At its core, I a pixel, we the people envisions digital transformation as a new frontier for resistance, solidarity, and artistic expression in the face of state oppression. The artist frames the pixel as both a symbol of individual insignificance and collective power, mirroring the way marginalised voices unite in movements against authoritarian structures. By migrating from the physical realm into the digital, the work imagines an alternative space—an ethereal realm—where artistic and political agency can persist beyond state control. Archiving, memory, and cultural labour are central to this struggle, as the work reconfigures historical narratives through found footage, digitised materials, and speculative storytelling. Ultimately, it argues that art, even in its most intangible forms, remains a vital weapon of resistance and a means of shaping new worlds.

A single pixel, the smallest digital element, carries the potential for radical transformation—an allegory for the power of the people to shift oppressive structures. This relationship between the individual and the collective underscores the artist’s critique of global political landscapes. We the people, an echo of the American Constitution, is recontextualised to examine how technology renders everything into data, blurring the boundaries between private and public, memory and erasure.

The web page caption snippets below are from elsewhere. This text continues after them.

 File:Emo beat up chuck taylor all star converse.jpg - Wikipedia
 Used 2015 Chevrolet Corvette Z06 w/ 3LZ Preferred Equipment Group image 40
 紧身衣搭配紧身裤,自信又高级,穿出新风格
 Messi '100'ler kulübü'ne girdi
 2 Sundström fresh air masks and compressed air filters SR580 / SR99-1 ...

The videos unfold within a terrain of hoarded objects, amassed within the artist’s house over decades, forming an archaeological site of memory and materiality. These possessions, moved from private spaces into the gallery, reveal layers of time and history, transforming into found compositions that blur the boundaries between personal archive and artistic speculation. Their presence evokes an alien landscape, reminiscent of the artist’s dystopian sci-fi influences, reinforcing a sense of estrangement and historical excavation. This interplay between archaeology and speculative futures parallels the notion of the bunker—a symbol rooted in underground bomb shelters from the Second World War. In the darkened space of the film and video room, the bunker emerges as both a site of protection and confinement, where images and narratives unfold in a speculative domain—another realm where the past and future collide, and where isolated stories are collectively witnessed.

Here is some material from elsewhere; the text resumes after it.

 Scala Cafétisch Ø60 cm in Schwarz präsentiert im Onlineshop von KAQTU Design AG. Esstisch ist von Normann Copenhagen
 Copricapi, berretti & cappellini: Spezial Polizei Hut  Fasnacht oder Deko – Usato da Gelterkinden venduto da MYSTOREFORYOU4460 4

Beyond its digital and archival dimensions, I a pixel, we the people is an incisive commentary on culture and cultural labour. The artist raises pressing questions about the role of contemporary art in society—how it is sustained, supported, and structured. The work underscores tensions between state-sanctioned aesthetics and independent artistic movements, positioning contemporary art as both a site of resistance and precarious labour. Through its integration of diverse elements, the work parallels the ideological structures of communism, interrogating the mechanics of cultural production, its sustainability, and its impact on collective memory.

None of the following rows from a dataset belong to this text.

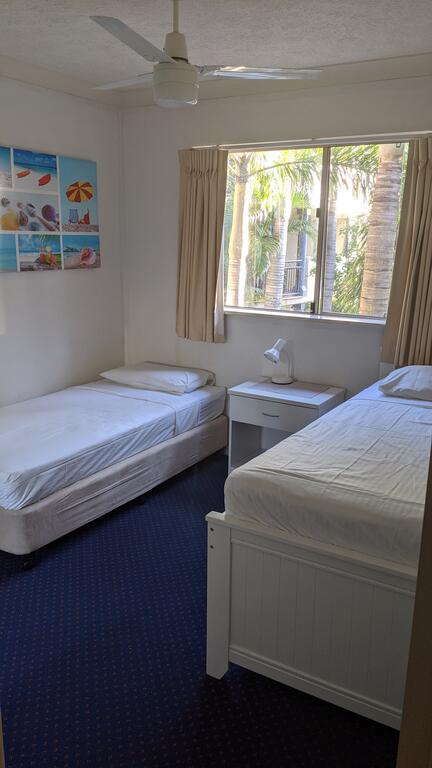 Mermaid Beach Apartment - New South Wales Tourism  3
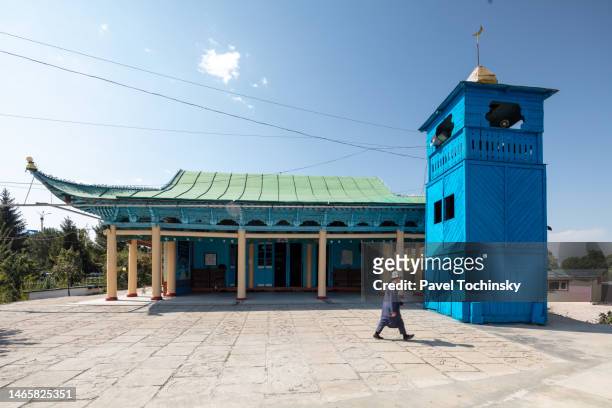 dungan mosque - vibrantly colored mosque built in a chinese style in 1910, karakol, kyrgyzstan. 2019 - ouïgour photos et images de collection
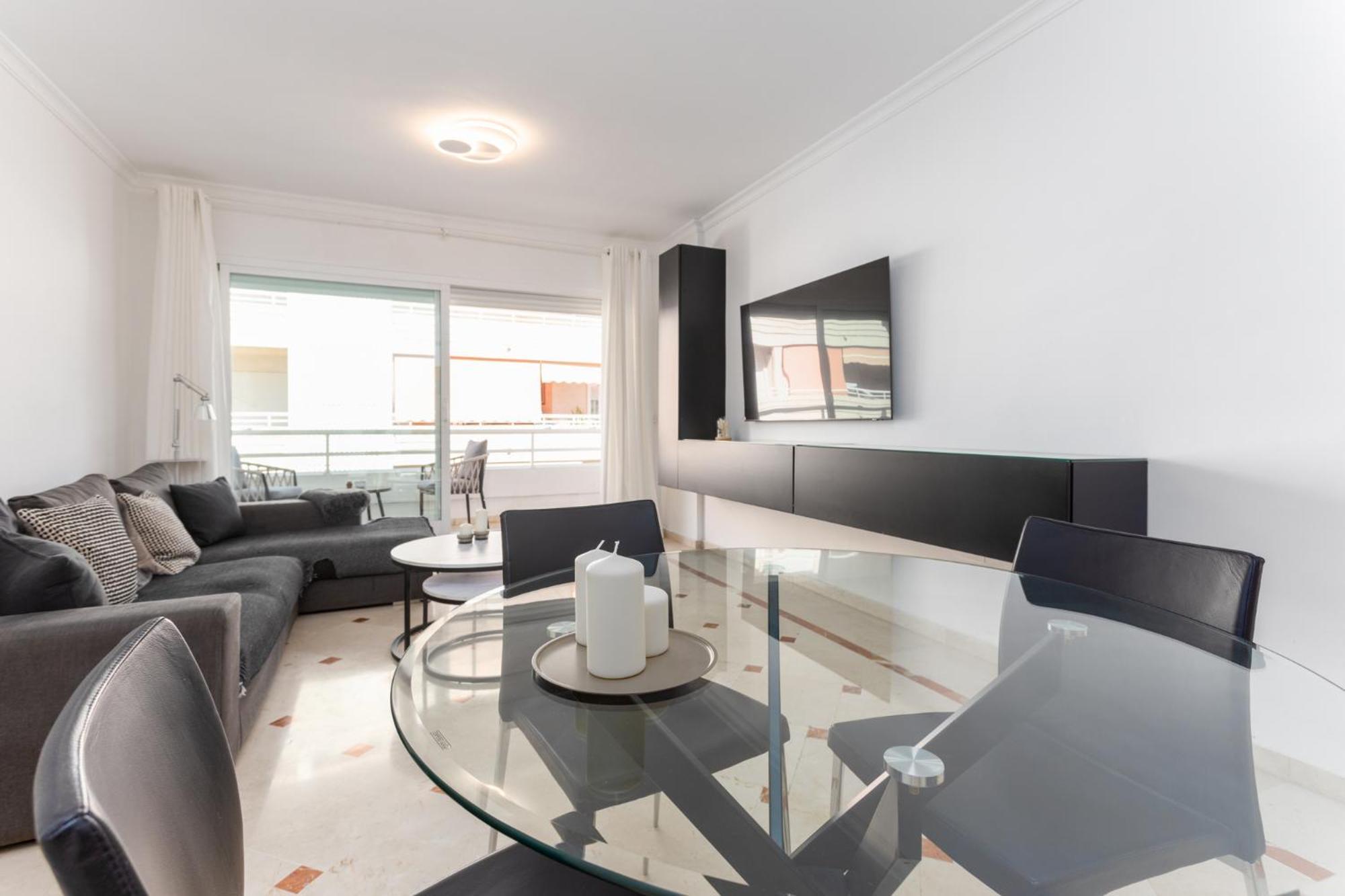 Two Bedrooms Avenida Del Mar *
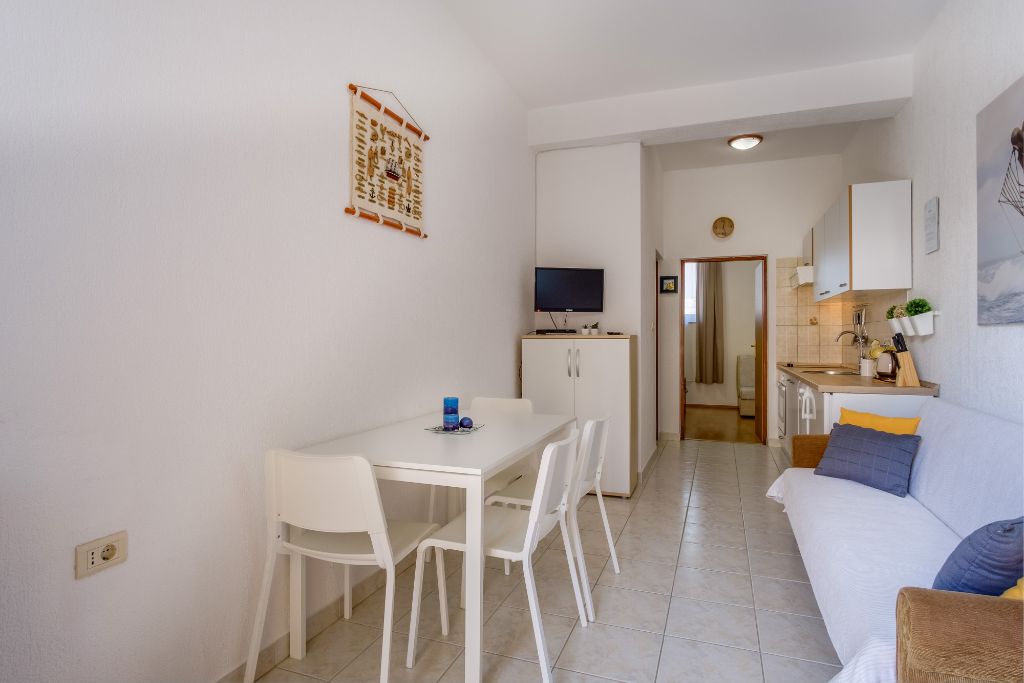 A2+2 kitchen and dining room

For the launch of the exhibition, a non-stop screening of all 24 episodes echoes the perpetual flow of data in the digital age—information that continues to accumulate, process, and circulate regardless of human wakefulness or rest. The moving image, no longer bound by the temporal constraints of traditional cinema, operates as an unceasing archive, resisting linear consumption. In this format, the work defies the expectation of completion, emphasising an overwhelming, immersive experience that mirrors the excess of contemporary digital culture. The durational aspect reinforces the exhibition’s interrogation of time, memory, and the limits of perception, challenging viewers to engage with the work in fragments, acknowledging that full comprehension remains elusive.

I a pixel, we the people stands as both an artistic statement and a provocation, challenging viewers to reconsider the ever-shifting dynamics of power, technology, and collective agency in a digitised world.